EXERCISE AIM:
Keep the pictures out. Copy every line of the listing exactly.
-- Opening Marker --
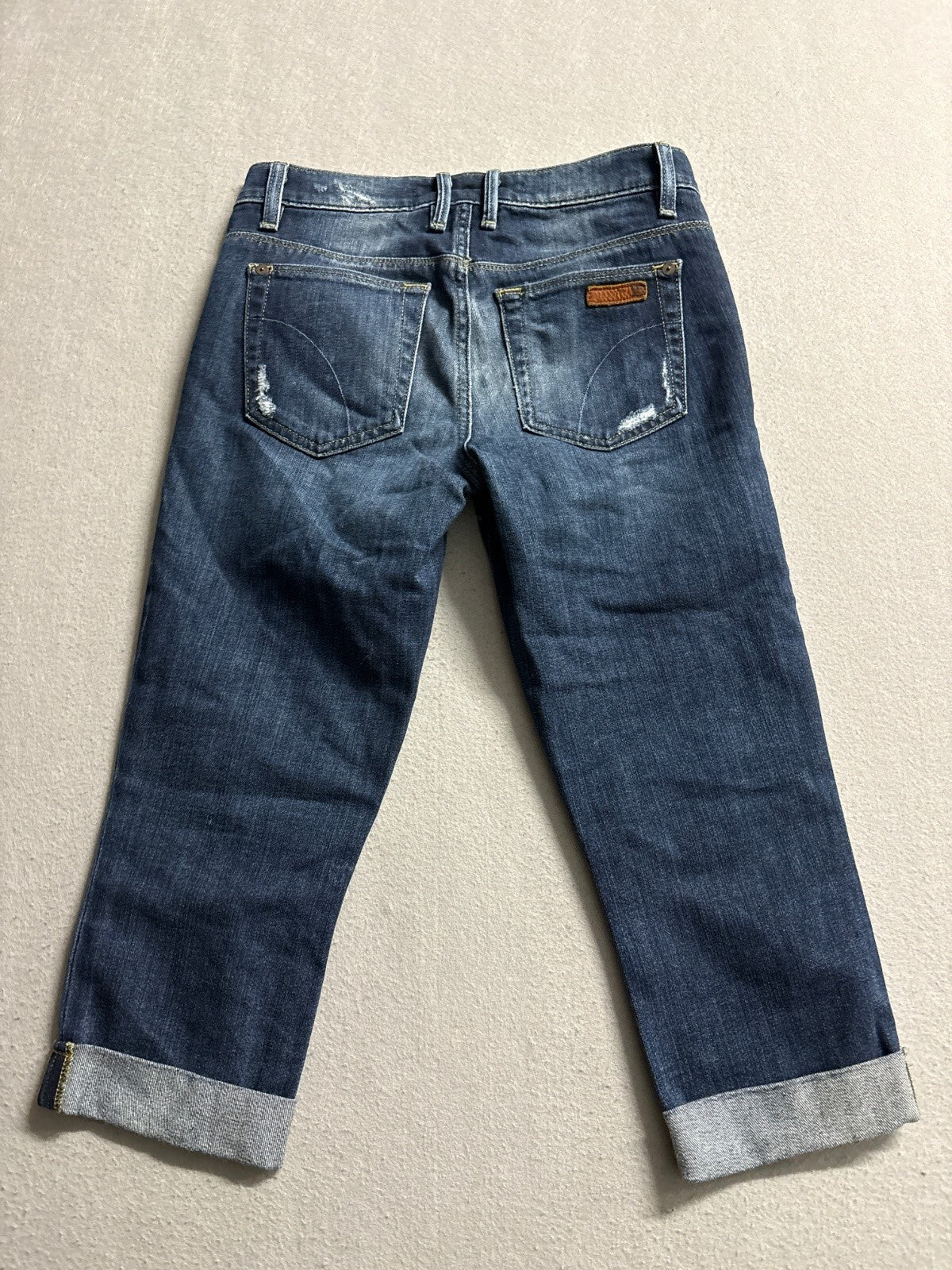 Joe's Jeans Womens 24 Kicker Cuffed Capri Crop Jeans Blue Medium Wash Distressed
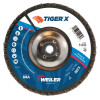 Weiler TIGER X Flap Disc, 7 in Flat, 40 Grit, 5/8 in - 11 Arbor, 10 PK, #51232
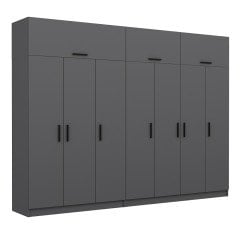 Minar Kale 7 Kapaklı 4 Çekmeceli Dolap Ve Yüklük Antrasit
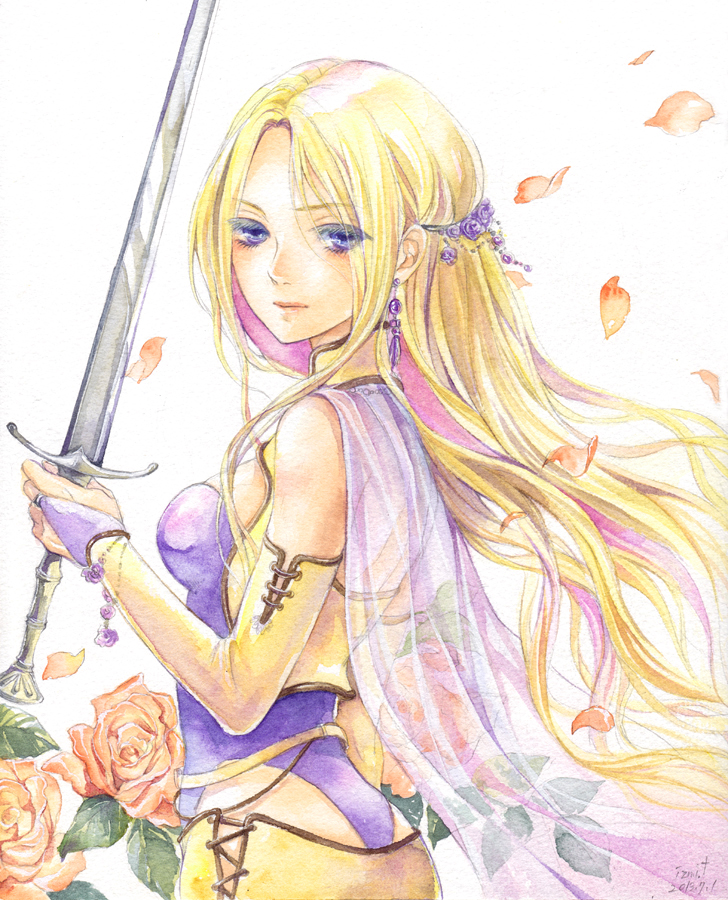 blonde_hair, bridal_gauntlets, cape, celes_chere, earrings, final_fantasy, final_fantasy_vi, flower, hair_ornament, jewelry, long_hair, petals, rose, sword, toyoda_izumi, traditional_media, violet_eyes, watercolor_(medium), weapon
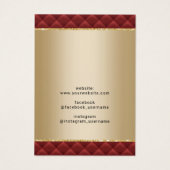 Luxury Red Quilted Gold Jewelry Waring Display Visitekaartje (Achterkant)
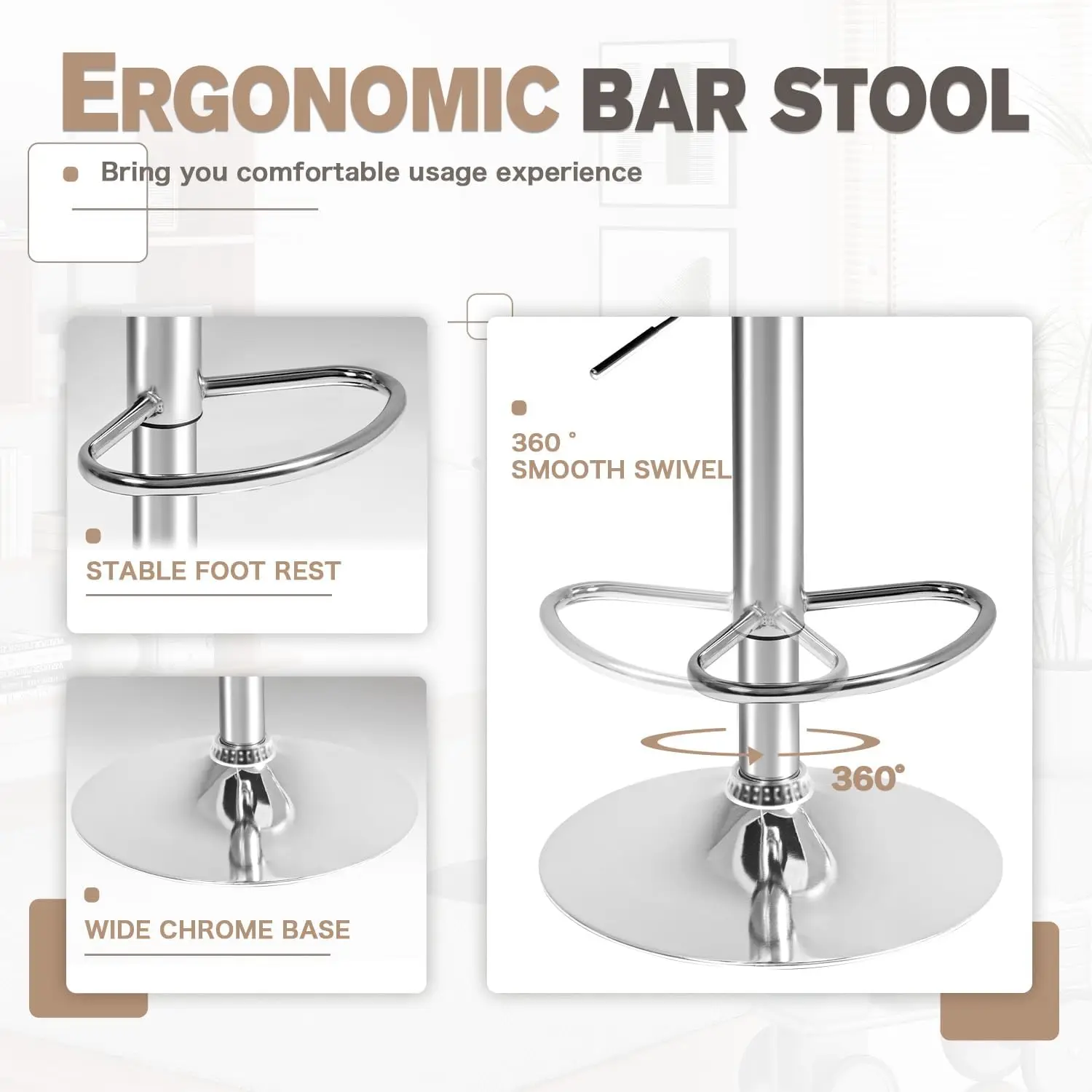 Barkrukken Met Armsteun Moderne Pu Lederen Draaibare Verstelbare Hydraulische Barkruk X-Grote Voet En Hoogte Kruk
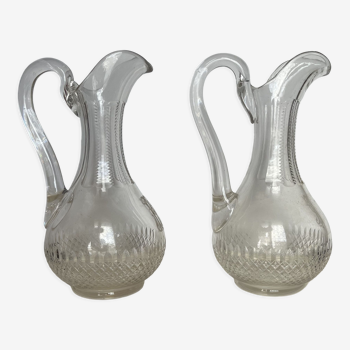 Pair of cut crystal pitchers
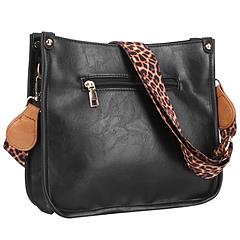 Women Fashion Leather Crossbody Bag Shoulder Bag Casual Handbag with Flexible Wearing Styles Adjustable Guitar Strap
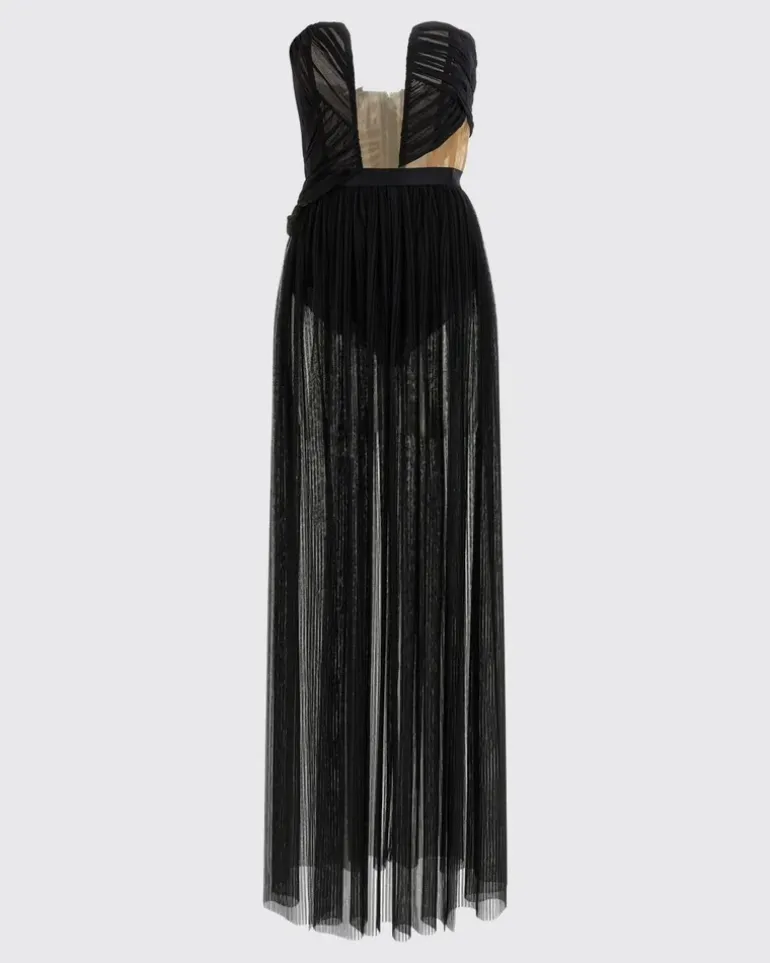 Skulpturales Tüllkleid Schwarz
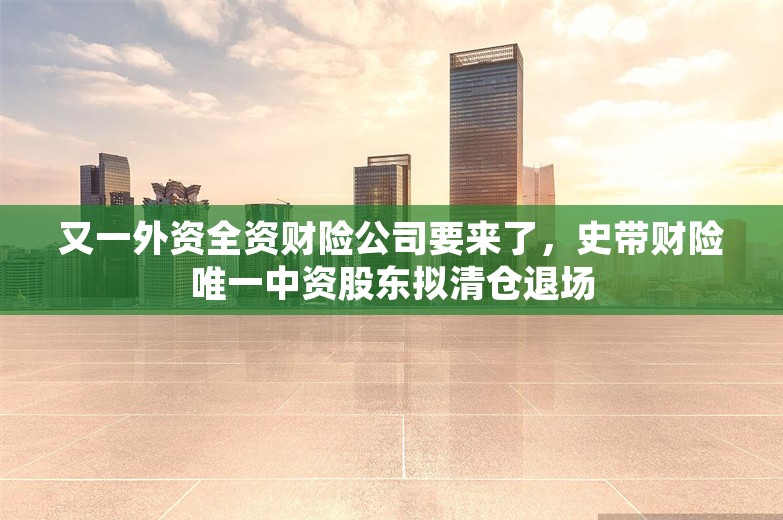 又一外资全资财险公司要来了，史带财险唯一中资股东拟清仓退场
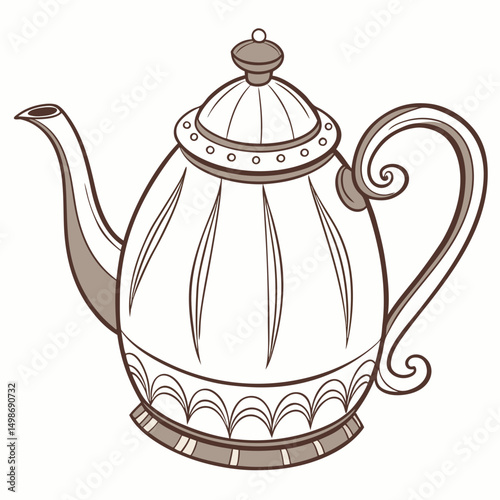 brown and white teapot drawing clip art preview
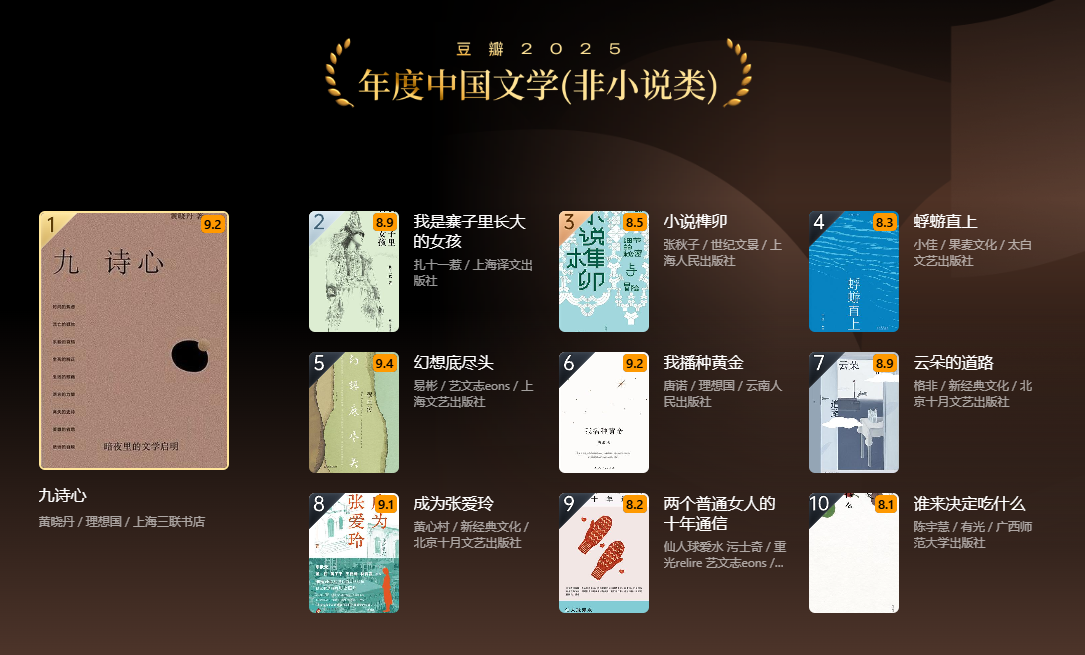 不知道读什么书？从豆瓣2025年度读书榜单开始！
-- Closing Marker --
FINISHED TASK:
 Joe's Jeans Womens 24 Kicker Cuffed Capri Crop Jeans Blue Medium Wash Distressed
 Weiler TIGER X Flap Disc, 7 in Flat, 40 Grit, 5/8 in - 11 Arbor, 10 PK, #51232
 Minar Kale 7 Kapaklı 4 Çekmeceli Dolap Ve Yüklük Antrasit
 blonde_hair, bridal_gauntlets, cape, celes_chere, earrings, final_fantasy, final_fantasy_vi, flower, hair_ornament, jewelry, long_hair, petals, rose, sword, toyoda_izumi, traditional_media, violet_eyes, watercolor_(medium), weapon
 Luxury Red Quilted Gold Jewelry Waring Display Visitekaartje (Achterkant)
 Barkrukken Met Armsteun Moderne Pu Lederen Draaibare Verstelbare Hydraulische Barkruk X-Grote Voet En Hoogte Kruk
 Pair of cut crystal pitchers
 Women Fashion Leather Crossbody Bag Shoulder Bag Casual Handbag with Flexible Wearing Styles Adjustable Guitar Strap
 Skulpturales Tüllkleid Schwarz
 又一外资全资财险公司要来了，史带财险唯一中资股东拟清仓退场
 brown and white teapot drawing clip art preview
 不知道读什么书？从豆瓣2025年度读书榜单开始！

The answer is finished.